UPDATE: Die Oberhessische Zeitung berichtet ebenfalls über die Veranstaltung. Hier ist der Beitrag: Mit digitalen Mitteln Gemeinwohl stärken.
In der letzten Woche war ich auf Lesereise im hessischen Alsfeld. Im Gepäck mein Buch „Das neue digitale Landleben“. Alsfeld, ein wunderbares kleines Städtchen, rund 16 Tausend Einwohner mit historischer, mittelalterlich geprägter Altstadt. Gelegen mitten im ländlichen Raum – Natur satt, Hügel, Wiesen und Wälder, Fachwerk wohin das Auge schaut, Misthaufen, Bauernhöfe, enge Kurven, winzige Ortskerne – aber eben auch mit allen Nachteilen, die das ländliche Leben so mit sich bringt: eine alternde Bevölkerung, Abwanderung in allen jüngeren Alterskohorten ist bis 2030 zu erwarten. Allein der Anteil der Älteren ab 60 und der Anteil der Hochbetagten ab 80 und älter steigt im Kreis an. Die Rahmenbedingungen rufen geradezu nach digitalen Strategien, um den Landstrich anschlussfähig zu erhalten oder noch besser – die Lust zu wecken, wieder in den ländlichen Raum zu ziehen, weil es sich eben auch lohnt mit viel Natur umgeben zu sein, nicht pendeln zu müssen und den besonderen Charme dieses Landkreises und vor allem die historische Stadt mit Leben zu füllen.

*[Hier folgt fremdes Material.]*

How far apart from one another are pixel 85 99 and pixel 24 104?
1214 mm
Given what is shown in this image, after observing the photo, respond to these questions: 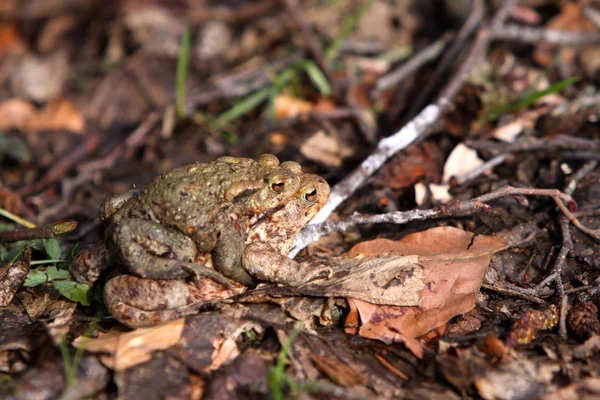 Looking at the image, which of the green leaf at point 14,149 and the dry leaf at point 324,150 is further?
the green leaf at point 14,149

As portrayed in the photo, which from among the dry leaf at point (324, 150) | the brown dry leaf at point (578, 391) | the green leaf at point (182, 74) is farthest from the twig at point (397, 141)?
the green leaf at point (182, 74)

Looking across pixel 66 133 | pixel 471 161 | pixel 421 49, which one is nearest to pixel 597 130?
pixel 471 161

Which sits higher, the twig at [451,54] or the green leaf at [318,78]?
the green leaf at [318,78]

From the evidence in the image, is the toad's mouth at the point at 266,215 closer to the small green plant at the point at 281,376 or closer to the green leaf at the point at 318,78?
the small green plant at the point at 281,376

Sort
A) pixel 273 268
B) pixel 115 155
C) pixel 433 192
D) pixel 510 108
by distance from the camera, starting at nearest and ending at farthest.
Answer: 1. pixel 273 268
2. pixel 433 192
3. pixel 510 108
4. pixel 115 155

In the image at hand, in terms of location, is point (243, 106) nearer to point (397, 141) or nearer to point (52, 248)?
point (397, 141)

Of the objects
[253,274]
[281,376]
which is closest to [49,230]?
[253,274] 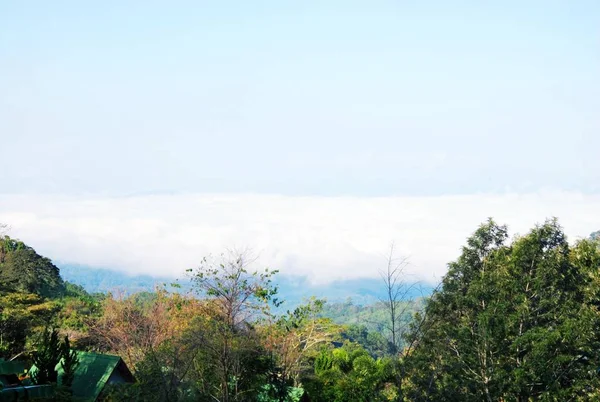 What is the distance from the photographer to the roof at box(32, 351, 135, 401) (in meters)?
24.5

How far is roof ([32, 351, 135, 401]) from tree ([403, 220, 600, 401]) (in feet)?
37.2

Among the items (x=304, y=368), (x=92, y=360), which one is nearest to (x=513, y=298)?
(x=304, y=368)

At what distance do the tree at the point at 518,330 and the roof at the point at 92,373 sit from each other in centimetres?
1135

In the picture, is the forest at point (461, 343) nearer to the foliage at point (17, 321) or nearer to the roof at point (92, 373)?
the roof at point (92, 373)

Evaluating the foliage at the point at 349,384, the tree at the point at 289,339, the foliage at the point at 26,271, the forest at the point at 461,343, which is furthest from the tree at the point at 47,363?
the foliage at the point at 26,271

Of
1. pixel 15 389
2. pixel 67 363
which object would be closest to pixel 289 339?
pixel 67 363

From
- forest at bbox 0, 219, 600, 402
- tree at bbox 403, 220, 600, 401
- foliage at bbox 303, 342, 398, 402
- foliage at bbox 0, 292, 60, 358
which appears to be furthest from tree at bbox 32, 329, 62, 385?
foliage at bbox 303, 342, 398, 402

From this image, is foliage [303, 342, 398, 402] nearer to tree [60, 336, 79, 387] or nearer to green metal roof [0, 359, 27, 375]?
tree [60, 336, 79, 387]

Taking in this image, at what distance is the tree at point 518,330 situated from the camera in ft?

Um darüber zu diskutieren und mich mit den Interessierten auszutauschen, war ich zu Gast in der VHS im Vogelsbergkreis auf Einladung der Friedrich Ebert Stiftung Hessen. Im Mittelpunkt stand die Frage, wie sich ein ländlicher Kreis den neuen Herausforderungen von Digitalisierung und auch Nachhaltigkeit stellen kann. Welche digitalen Maßnahmen eignen sich etwa für den Vogelsbergkreis? Was ist nötig, um dauerhaft eine lebenswerte und attraktive Region zu sein, und wo gibt es Grenzen? Mit auf dem Panel saß Martin Hanke (Geschäftsstellenleiter des Lauterbacher Anzeigers), moderiert wurde von Simon Schüler, FES Hessen. Zum Einstieg berichtete ich über die Möglichkeit des BMI, ein regionales Open Government Labor vielleicht auch nach Alsfeld zu holen – die Frist lief da noch genau 24 Stunden…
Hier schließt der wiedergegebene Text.